Airplanes traveling west to east can sometimes take advantage of the jet stream – making the trip
much shorter than those traveling east to west into the wind.
The unequal heating of the Earth’s surface within a small area causes local winds. These only form
when large scale/global winds are weak.
Be able to identify that land breezes and sea breezes are local winds. Be able to describe how
and when they occur.
A land breeze occurs when cool air from the land rushes out to replace warm air over water.
A sea breeze occurs when cool air from the water rushes in to replace warm air over land.
Sea Breeze
Land Breeze
Lab Activities:
Be able to describe what happened to the marshmallow in the syringes when we increased the
amount of air pressure (pushed it in) and decreased the amount of air pressure (pulled it out).
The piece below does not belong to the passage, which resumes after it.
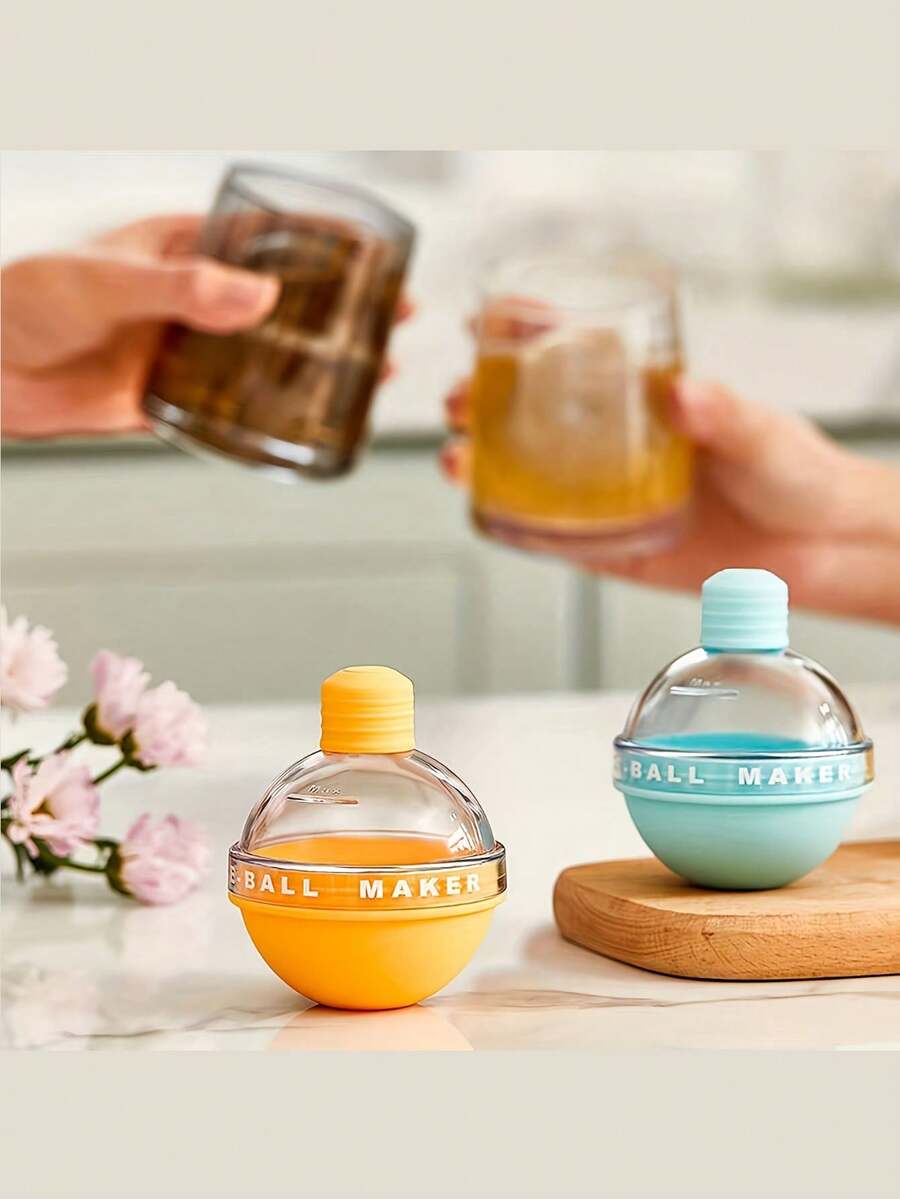 这款球形冰模有1/3/5/10个装可选，非常适合制作色彩缤纷的威士忌或鸡尾酒冰球。超大号果冻球冰模可制作出缓慢融化的球形冰块，适用于各种冷饮和威士忌冰球，是现代酒吧工具和装饰冰模的理想之选。 - 彩色 - 查看 1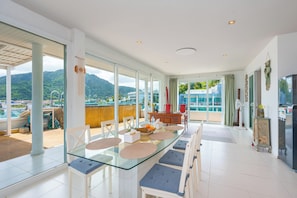 Penthouse, 2 Bedrooms, Sea View | In-room dining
Be able to describe why warm water in the syringe boiled when we lowered the air pressure.
Be able to describe why/how the can was crushed and/or how/why the egg got into the bottle
during our class activities.
Be able to explain the Colorful Convection Lab with warm and cold water.
Be able to identify and describe what type of heat transfer was used to pop popcorn using the
stove/concession popper, air popper and microwave.
Be able to explain what type of reaction (endothermic or exothermic) and why the elephant
toothpaste activity demonstrated.
Be able to read a diagram of the global wind belts and identify how ships with sails can get from
one point to another using these winds.